Instead, First Solar appears to be on top of its game and has completed the bulk of its transition to the new, large-format Series 6, with its second factory in Vietnam coming online in the first two months of 2019, to add to its factories in Ohio and Malaysia.

This year the company expects to ship around 5.5 GW of PV modules. Even at this volume CEO Mark Widmar estimates that the company is “fully sold out” through the end of 2020 and First Solar’s current 12 GW of bookings includes shipments scheduled through 2023.

The company shipped 900 MW of product during Q4 of 2018, and while it did not break that down between its Series 4 and Series 6, what is clear is that Series 6 is currently being used almost entirely for projects that First Solar develops and builds.
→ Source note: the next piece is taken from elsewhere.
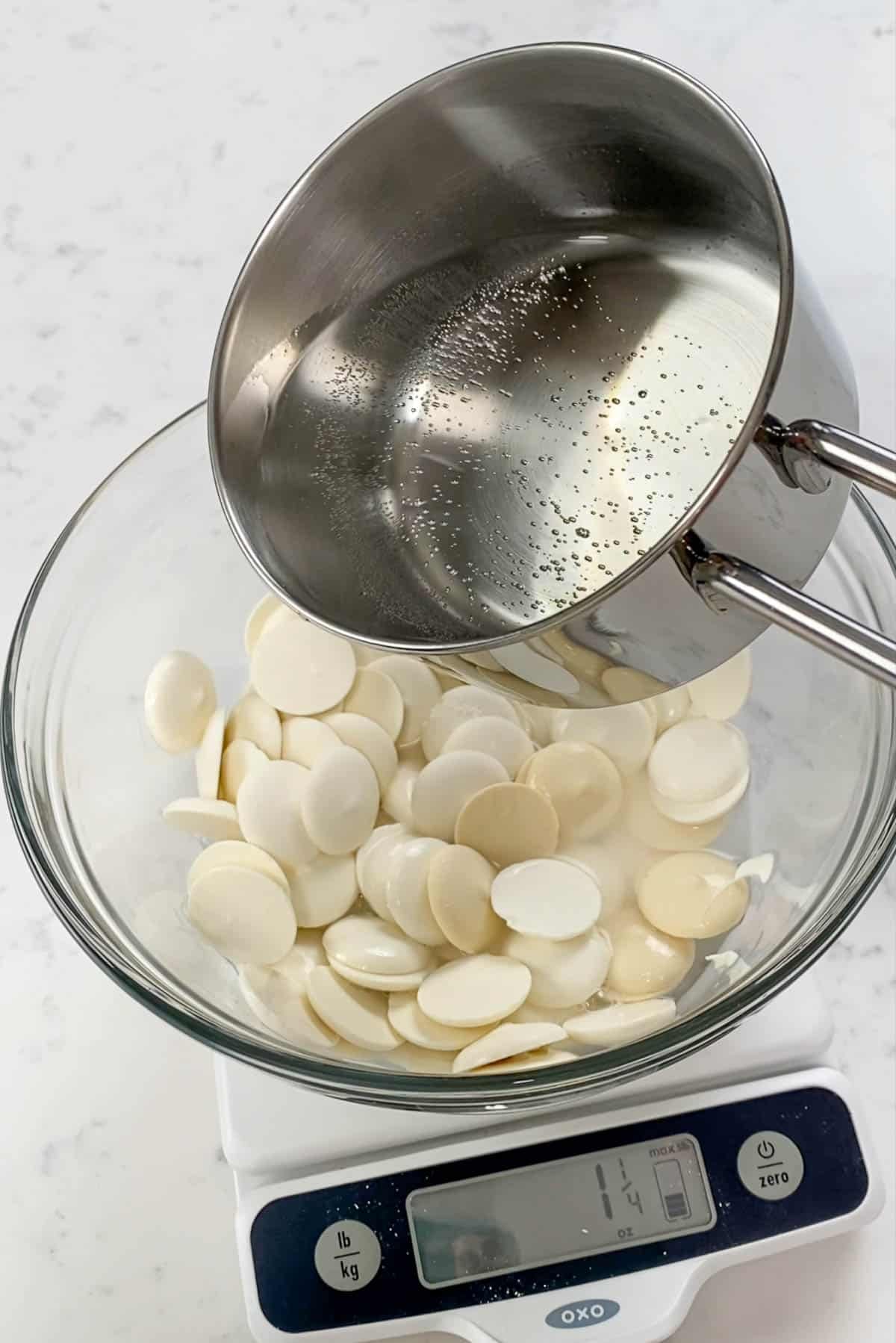 Saucepan pouring hot water onto a bowl of white candymelts.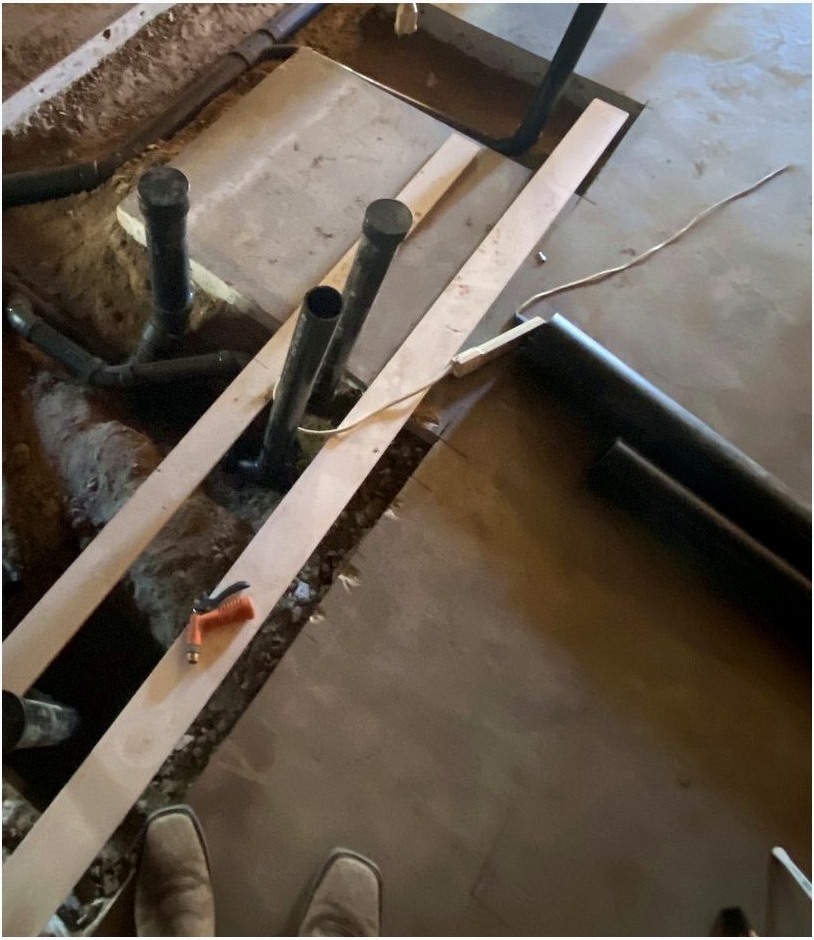 Close view of black rough plumbing lines and trench work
First Solar’s revenues and profitability were also not bad for a company that is still retooling; it brought in $691 million during Q4, and managed to eke out a slim 1.6% operating margin and a net income of $52 million.

Over the course of 2018 the company’s revenue and profitability was similar, and First Solar burned through around $440 million of its war chest during the year, retaining a healthy $2.5 billion in cash and equivalents at the end of 2018.

As the company moves into 2019 it expects shipments to pick up as more factories ramp. First Solar’s new 1.2 GW factory in Ohio is not set to come online until the end of the year, and when it does this will put First Solar at over 7 GW of annual capacity, as one of the largest PV makers on the planet.

This will also give First Solar the ability to support more third-party sales of the Series 6, and the company expects 45% of Series 6 shipments to go to third parties by the fourth quarter of 2019.

First Solar also sees per-unit costs continue to fall with the ramping of its factories, as well as efficiency gains. The company’s Series 6 is already offered with ratings as high as 445 watts, and it notes that the average watts per module rose by 10 from October 2018 to February 2019.

Despite all of this First Solar did appear to miss its Q4 2018 guidance, and the company also lowered its 2019 margin guidance slightly, with what Widmar describes as “minor adjustments to ramp and start-up costs”.

However, First Solar still expects to bring in $3.25 to $3.45 billion in 2019, with positive margins and a net cash balance – despite $110-$130 million in production start-up and ramping costs.